The problem

(1) What is a Phaser?

(2) What are the features of phasers?

(3) The advantages of Phaser over CyclicBarrier and CountDownLatch?

Introduction to the

Phaser, which translates as phase, is suitable for a scenario where a large task can be completed in multiple phases, and the tasks in each phase can be executed concurrently by multiple threads. However, the tasks in the previous phase must be completed before the next phase can be executed.

This scenario, while possible with CyclicBarrier or CountryDownLatch, is much more complex. First, the exact number of phases may change, and second, the number of tasks per phase may also change. Phaser is more flexible and convenient than CyclicBarrier and CountDownLatch.

Method of use

Let’s look at the simplest use case:

public class PhaserTest {

    public static final int PARTIES = 3;
    public static final int PHASES = 4;

    public static void main(String[] args) {

        Phaser phaser = new Phaser(PARTIES) {
            @Override
            protected boolean onAdvance(int phase, int registeredParties) {
                // this article is by the public account "Tong Elder brother read source code" original, please support the original, thank you!
                System.out.println("=======phase: " + phase + " finished=============");
                return super.onAdvance(phase, registeredParties); }};for (int i = 0; i < PARTIES; i++) {
            new Thread(()->{
                for (int j = 0; j < PHASES; j++) {
                    System.out.println(String.format("%s: phase: %d", Thread.currentThread().getName(), j)); phaser.arriveAndAwaitAdvance(); }},"Thread "+ i).start(); }}}Copy the code

Here we define a large task to be completed in four stages, and each stage requires three small tasks. For these small tasks, we set up three threads respectively to execute these small tasks, and check the output as follows:

Thread 0: phase: 0
Thread 2: phase: 0
Thread 1: phase: 0
=======phase: 0 finished=============
Thread 2: phase: 1
Thread 0: phase: 1
Thread 1: phase: 1
=======phase: 1 finished=============
Thread 1: phase: 2
Thread 0: phase: 2
Thread 2: phase: 2
=======phase: 2 finished=============
Thread 0: phase: 3
Thread 2: phase: 3
Thread 1: phase: 3
=======phase: 3 finished=============
Copy the code

As you can see, each phase is completed by three threads before moving on to the next phase. How does this work? Let’s learn.

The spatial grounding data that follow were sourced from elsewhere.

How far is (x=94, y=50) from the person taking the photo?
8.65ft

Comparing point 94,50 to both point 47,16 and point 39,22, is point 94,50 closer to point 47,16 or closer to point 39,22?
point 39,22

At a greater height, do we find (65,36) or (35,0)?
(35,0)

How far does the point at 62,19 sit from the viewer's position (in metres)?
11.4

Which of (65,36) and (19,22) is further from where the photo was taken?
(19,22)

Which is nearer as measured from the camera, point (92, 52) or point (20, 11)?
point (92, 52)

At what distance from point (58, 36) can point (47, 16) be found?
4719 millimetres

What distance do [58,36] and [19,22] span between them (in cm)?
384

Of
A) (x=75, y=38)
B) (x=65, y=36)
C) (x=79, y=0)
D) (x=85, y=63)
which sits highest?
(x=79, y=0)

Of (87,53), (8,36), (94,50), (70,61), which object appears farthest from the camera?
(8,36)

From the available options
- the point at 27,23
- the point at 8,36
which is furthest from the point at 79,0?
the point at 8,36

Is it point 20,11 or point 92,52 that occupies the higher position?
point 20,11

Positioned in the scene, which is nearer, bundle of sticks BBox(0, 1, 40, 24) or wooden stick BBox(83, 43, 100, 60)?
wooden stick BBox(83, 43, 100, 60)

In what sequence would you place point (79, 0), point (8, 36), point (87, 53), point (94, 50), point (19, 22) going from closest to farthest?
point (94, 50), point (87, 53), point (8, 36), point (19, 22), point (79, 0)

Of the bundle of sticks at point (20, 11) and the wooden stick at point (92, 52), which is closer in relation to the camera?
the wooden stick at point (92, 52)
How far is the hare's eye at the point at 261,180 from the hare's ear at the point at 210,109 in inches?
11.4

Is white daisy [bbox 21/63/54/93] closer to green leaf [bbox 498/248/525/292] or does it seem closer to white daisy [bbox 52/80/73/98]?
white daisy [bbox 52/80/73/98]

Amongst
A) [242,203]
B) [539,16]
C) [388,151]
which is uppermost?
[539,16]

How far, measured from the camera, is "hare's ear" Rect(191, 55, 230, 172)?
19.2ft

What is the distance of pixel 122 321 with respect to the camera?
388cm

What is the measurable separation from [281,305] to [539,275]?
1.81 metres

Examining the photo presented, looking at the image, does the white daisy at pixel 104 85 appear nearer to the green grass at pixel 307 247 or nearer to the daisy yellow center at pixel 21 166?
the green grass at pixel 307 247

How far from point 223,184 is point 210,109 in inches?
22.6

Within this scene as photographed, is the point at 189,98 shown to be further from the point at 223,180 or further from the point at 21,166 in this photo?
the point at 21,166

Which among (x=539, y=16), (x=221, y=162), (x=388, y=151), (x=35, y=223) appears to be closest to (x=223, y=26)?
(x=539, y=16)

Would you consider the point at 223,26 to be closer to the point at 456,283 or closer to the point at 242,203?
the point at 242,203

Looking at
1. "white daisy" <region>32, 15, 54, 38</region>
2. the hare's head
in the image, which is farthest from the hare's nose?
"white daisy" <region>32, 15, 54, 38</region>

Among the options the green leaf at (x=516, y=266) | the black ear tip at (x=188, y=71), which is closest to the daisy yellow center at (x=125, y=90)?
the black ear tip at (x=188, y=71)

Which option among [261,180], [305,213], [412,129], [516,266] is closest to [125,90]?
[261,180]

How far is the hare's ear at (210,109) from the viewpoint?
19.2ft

The principle of speculation

Based on the principles of AQS we learned earlier, take a rough guess at how Phaser implementation works.

First, we need to store the current phase phase, the number of tasks (participants) parties in the current phase, and the number of unfinished participants. We can store these three variables in a variable state.

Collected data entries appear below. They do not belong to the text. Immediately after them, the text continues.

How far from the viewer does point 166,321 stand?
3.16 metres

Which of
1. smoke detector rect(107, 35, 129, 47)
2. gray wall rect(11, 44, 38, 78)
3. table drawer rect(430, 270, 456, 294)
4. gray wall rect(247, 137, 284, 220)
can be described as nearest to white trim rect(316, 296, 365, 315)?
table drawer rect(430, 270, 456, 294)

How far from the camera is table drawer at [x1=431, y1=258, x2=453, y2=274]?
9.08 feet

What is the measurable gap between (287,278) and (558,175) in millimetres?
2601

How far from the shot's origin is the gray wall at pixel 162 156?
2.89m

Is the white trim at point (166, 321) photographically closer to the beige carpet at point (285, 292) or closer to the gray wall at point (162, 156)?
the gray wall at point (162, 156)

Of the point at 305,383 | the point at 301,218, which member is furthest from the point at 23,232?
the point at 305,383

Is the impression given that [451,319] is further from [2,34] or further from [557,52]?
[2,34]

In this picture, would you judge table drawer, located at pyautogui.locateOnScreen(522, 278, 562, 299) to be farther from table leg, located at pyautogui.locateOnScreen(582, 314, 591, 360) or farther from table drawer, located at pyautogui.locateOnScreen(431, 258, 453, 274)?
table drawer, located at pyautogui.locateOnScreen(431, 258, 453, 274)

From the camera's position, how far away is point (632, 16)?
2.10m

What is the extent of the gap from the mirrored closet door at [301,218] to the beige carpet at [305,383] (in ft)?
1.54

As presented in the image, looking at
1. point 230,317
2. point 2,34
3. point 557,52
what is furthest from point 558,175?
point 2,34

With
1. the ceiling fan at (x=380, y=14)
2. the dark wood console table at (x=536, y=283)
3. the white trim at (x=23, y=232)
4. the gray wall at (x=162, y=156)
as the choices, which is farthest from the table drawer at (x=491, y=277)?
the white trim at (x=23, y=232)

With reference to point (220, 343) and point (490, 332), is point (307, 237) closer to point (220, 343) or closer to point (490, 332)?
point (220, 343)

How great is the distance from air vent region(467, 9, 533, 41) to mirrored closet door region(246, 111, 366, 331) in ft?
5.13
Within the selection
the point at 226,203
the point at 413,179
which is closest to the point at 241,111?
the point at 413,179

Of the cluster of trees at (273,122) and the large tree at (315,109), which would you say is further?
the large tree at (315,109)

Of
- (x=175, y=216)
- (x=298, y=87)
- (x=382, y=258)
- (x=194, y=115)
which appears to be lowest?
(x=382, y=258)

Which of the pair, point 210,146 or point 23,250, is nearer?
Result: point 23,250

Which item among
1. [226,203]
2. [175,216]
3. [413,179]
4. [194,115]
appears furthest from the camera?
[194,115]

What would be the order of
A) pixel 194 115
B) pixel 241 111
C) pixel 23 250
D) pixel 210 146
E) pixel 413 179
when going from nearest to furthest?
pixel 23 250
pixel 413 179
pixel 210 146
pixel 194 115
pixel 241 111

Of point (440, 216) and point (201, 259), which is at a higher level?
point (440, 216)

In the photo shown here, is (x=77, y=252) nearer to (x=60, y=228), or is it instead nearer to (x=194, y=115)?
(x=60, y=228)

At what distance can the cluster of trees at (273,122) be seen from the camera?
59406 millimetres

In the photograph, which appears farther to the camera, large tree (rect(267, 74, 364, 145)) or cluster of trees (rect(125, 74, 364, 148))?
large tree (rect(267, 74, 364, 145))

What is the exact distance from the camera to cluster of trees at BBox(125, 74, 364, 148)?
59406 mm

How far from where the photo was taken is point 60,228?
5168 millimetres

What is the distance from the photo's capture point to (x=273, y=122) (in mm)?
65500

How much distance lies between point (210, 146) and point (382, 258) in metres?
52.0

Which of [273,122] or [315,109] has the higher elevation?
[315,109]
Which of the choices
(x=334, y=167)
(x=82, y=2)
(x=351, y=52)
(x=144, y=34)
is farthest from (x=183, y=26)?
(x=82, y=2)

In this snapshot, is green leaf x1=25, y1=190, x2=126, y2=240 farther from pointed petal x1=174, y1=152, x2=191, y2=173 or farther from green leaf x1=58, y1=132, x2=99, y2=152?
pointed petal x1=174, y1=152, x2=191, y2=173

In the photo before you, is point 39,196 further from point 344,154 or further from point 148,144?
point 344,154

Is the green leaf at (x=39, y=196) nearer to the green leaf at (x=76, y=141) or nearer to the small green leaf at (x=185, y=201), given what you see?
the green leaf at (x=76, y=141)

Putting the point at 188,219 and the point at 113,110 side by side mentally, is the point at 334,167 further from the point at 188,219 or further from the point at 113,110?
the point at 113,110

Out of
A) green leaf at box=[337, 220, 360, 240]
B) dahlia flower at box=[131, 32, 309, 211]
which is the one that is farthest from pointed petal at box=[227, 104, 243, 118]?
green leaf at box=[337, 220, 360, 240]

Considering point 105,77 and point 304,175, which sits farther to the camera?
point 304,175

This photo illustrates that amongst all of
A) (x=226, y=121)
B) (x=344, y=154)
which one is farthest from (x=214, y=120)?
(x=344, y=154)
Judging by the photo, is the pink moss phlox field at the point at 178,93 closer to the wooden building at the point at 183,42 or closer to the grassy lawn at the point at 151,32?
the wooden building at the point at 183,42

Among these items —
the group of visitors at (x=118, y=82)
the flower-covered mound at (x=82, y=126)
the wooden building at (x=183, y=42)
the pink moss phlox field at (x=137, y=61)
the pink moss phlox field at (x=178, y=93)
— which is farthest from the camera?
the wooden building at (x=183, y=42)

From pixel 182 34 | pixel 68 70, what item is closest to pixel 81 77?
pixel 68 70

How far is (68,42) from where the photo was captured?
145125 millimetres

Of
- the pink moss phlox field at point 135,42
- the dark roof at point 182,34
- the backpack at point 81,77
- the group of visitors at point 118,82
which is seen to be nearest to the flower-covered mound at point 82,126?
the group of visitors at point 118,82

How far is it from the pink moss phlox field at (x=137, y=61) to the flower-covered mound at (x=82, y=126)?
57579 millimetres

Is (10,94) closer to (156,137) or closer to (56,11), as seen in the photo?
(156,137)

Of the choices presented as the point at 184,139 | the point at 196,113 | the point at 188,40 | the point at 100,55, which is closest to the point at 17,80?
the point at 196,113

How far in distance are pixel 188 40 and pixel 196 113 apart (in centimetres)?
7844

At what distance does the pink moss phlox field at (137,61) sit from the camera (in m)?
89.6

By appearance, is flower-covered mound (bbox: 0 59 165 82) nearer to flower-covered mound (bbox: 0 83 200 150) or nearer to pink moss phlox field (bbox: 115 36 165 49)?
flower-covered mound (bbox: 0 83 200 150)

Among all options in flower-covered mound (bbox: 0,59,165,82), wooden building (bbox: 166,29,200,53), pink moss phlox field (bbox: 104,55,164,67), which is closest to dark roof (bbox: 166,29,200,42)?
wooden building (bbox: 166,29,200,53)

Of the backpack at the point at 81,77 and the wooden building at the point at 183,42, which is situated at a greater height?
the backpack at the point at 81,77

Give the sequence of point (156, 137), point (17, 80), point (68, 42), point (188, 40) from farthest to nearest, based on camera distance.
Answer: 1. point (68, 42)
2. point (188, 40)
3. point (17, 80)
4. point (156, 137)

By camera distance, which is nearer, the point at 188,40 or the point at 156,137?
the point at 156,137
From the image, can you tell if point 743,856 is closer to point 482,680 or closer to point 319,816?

Second, you need a queue to store the participants who finish first and wake up the participants in the queue when the last participant finishes.

Well, that’s about it.

In combination with the above cases:

At the beginning, the current stage is 0, the number of participants is 3, and the number of uncompleted participants is 3.

The first thread execution to phaser. ArriveAndAwaitAdvance (); Enter the queue;

The second thread execution to phaser. ArriveAndAwaitAdvance (); Enter the queue;

A third thread execution to phaser. ArriveAndAwaitAdvance (); Execute the summation onAdvance() for this phase, and wake up the first two threads to continue the next phase.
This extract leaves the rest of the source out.